In step S210, by a root node apparatus (i.e., the node apparatus 110A) of the node apparatuses 110A˜110F from the access point apparatus 150, a plurality of packet storage states of the node apparatuses are retrieved, wherein a storage indication level of each of the packet storage states indicates that the access point apparatus 150 stores a to-be-accessed packet corresponding to one of the node apparatuses.

Since the access point apparatus 150 stores the packets scheduled to be transmitted to all the node apparatuses in the sleep mode, the root node apparatus directly connected to the access point apparatus 150 can retrieve the packet storage states of all the node apparatuses from the access point apparatus 150.

In an embodiment, when the node apparatuses 110A˜110F join the mesh network system 100, the access point apparatus 150 assigns an independent association identification number (AID) to each of the node apparatuses 110A˜110F. For example, the node apparatuses 110A˜110F in turn have association identification numbers of 1˜6.

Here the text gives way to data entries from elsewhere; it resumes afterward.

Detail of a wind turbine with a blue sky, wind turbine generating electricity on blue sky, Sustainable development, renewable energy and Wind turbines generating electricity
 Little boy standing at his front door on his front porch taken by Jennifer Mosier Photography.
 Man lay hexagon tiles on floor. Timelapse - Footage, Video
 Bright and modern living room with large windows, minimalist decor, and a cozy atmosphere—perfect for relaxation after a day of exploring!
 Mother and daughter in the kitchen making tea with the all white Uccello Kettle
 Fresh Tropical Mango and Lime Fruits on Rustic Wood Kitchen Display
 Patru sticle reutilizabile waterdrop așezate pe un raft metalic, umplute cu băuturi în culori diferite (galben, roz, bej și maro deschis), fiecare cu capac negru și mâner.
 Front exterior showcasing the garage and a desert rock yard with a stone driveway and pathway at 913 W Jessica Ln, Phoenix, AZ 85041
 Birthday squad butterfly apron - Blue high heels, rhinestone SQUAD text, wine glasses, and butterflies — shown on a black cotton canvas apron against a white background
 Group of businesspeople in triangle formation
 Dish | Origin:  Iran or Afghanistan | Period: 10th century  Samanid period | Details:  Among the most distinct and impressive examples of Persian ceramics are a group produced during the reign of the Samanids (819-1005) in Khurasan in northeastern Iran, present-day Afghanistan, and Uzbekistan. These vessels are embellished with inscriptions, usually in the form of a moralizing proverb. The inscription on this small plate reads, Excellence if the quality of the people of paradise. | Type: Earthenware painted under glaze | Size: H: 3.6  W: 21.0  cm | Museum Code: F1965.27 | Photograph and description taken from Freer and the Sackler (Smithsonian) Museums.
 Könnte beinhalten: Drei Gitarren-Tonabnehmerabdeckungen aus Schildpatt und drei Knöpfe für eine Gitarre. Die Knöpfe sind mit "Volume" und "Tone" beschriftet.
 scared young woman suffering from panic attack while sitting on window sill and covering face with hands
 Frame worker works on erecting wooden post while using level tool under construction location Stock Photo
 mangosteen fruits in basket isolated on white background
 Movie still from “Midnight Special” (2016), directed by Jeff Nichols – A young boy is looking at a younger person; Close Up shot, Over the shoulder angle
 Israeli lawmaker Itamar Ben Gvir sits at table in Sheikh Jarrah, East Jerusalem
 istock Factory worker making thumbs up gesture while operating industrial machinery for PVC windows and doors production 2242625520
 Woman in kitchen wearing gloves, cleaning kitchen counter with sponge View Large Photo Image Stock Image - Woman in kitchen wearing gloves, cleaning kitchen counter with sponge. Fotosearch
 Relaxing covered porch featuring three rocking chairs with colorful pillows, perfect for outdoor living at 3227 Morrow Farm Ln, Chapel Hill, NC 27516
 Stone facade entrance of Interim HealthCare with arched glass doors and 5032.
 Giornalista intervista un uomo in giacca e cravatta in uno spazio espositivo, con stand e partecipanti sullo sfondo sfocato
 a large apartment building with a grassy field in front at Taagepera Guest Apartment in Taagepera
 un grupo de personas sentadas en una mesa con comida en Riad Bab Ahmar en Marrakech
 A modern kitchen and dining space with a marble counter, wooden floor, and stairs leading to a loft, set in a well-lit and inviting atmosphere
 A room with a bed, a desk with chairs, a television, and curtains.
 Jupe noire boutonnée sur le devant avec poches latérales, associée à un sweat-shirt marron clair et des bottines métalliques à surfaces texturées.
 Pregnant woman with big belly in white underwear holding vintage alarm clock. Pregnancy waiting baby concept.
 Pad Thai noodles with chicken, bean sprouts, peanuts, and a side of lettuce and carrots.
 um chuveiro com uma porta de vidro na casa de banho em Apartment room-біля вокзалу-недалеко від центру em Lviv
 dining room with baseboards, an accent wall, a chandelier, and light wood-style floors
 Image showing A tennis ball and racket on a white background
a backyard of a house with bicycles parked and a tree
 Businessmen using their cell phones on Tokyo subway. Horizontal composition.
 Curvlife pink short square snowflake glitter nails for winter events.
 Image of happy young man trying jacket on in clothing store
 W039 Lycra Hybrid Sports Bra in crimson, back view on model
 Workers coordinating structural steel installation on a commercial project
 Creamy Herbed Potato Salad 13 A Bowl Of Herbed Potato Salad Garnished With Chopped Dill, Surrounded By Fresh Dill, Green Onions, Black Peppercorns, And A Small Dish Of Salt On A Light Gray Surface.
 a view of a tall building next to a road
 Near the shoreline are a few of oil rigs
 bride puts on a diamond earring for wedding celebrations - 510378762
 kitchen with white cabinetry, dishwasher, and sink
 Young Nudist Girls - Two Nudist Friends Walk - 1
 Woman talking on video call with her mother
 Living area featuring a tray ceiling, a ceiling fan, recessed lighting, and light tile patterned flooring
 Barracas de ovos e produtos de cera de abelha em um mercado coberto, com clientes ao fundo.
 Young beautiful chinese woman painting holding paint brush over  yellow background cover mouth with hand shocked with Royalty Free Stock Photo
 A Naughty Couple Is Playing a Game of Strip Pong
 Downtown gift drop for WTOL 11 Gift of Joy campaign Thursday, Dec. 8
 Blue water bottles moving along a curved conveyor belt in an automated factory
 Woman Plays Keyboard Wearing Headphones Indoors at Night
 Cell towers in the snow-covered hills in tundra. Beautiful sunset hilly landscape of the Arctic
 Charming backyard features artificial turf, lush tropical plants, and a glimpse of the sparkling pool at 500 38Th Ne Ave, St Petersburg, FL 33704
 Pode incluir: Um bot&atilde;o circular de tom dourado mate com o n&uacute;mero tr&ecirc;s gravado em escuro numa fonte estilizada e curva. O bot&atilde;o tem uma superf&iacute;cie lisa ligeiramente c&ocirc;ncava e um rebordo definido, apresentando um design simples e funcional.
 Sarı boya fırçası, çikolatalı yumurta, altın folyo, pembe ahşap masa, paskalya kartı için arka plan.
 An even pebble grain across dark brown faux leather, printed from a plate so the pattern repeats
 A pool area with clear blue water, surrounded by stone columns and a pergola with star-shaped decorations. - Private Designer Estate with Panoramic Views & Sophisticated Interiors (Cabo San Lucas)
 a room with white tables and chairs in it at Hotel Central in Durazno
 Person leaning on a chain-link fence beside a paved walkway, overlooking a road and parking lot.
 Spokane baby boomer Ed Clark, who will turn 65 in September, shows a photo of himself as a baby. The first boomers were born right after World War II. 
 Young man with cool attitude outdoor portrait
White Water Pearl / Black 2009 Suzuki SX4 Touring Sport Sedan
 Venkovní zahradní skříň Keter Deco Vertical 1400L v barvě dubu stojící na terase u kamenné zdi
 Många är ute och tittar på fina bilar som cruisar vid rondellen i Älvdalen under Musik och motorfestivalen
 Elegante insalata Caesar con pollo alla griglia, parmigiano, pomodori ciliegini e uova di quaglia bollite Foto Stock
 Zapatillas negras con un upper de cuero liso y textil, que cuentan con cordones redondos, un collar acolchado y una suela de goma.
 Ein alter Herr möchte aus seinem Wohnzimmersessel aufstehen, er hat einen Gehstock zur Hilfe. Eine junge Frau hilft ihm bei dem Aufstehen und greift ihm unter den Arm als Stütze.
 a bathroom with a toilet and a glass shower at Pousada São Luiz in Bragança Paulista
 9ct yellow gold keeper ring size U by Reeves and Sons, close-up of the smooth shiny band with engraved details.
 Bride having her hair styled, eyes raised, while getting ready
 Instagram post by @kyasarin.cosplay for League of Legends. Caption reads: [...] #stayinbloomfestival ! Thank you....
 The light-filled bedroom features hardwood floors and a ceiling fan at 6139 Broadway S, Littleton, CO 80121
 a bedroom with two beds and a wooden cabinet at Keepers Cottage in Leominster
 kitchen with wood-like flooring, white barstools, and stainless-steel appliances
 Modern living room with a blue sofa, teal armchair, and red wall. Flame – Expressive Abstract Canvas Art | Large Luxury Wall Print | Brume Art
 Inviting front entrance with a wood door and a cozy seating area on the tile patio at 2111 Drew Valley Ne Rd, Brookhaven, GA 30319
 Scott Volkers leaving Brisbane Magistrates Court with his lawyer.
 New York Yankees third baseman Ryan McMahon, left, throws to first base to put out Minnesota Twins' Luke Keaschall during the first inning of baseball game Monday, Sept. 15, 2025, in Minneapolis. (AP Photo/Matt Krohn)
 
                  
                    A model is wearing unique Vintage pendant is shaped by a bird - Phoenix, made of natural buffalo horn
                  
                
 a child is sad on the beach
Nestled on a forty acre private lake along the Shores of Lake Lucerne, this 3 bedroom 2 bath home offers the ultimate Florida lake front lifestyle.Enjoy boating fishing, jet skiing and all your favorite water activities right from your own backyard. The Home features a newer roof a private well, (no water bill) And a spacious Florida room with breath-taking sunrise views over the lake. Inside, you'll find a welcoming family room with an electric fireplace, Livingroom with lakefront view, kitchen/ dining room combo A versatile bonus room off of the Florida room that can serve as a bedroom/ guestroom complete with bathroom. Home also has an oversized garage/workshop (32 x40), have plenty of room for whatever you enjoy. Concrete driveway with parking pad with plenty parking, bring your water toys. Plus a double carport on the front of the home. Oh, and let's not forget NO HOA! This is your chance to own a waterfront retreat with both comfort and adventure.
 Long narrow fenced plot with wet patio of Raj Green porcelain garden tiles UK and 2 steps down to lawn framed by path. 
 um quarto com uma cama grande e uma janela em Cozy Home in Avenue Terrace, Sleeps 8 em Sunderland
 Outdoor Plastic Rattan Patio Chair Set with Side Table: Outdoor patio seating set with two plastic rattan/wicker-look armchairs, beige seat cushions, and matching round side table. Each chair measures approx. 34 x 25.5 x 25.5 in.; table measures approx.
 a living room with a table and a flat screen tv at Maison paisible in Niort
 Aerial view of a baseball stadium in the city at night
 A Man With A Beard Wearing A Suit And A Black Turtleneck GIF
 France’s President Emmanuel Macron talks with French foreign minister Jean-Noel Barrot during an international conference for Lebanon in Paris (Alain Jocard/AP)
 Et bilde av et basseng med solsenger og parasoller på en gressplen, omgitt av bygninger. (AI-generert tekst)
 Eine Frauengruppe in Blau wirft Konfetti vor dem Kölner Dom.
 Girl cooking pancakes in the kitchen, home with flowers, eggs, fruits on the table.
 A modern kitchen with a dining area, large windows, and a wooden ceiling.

On the other hand, the access point apparatus 150 configures a storage indication level and a non-storage indication level to each of the packet storage states corresponding to any one of the node apparatuses 110A˜110F.

For example, when a packet storage state has the storage indication level (e.g., 1), the access point apparatus 150 stores at least one packet of the node apparatus corresponding to the packet storage state. When a packet storage states has the non-storage indication level (e.g., 0), the access point apparatus 150 does not store any packet of the node apparatus corresponding to the packet storage state.

As a result, the root node apparatus, according to the association identification number and the corresponding packet storage state provided by the access point apparatus 150, may identify whether the access point apparatus 150 has the packets to be retrieved by each of the node apparatuses 110A˜110F.

For example, when the root node apparatus retrieves an association identification number that is 3 and the corresponding packet storage state is the storage indication level, the condition that the access point apparatus 150 has at least one packet for the node apparatus 110C to retrieve is indicated.

In step S220, each of the node apparatuses 110A˜110F is operated to be a first node apparatus such that the first node apparatus configures a node packet storage state table indicating the plurality of packet storage states of the first node apparatus and at least one child node apparatus of the first node apparatus and broadcasts beacon signals BSA˜BSF each including a node packet storage state table in an independent periodic broadcast time.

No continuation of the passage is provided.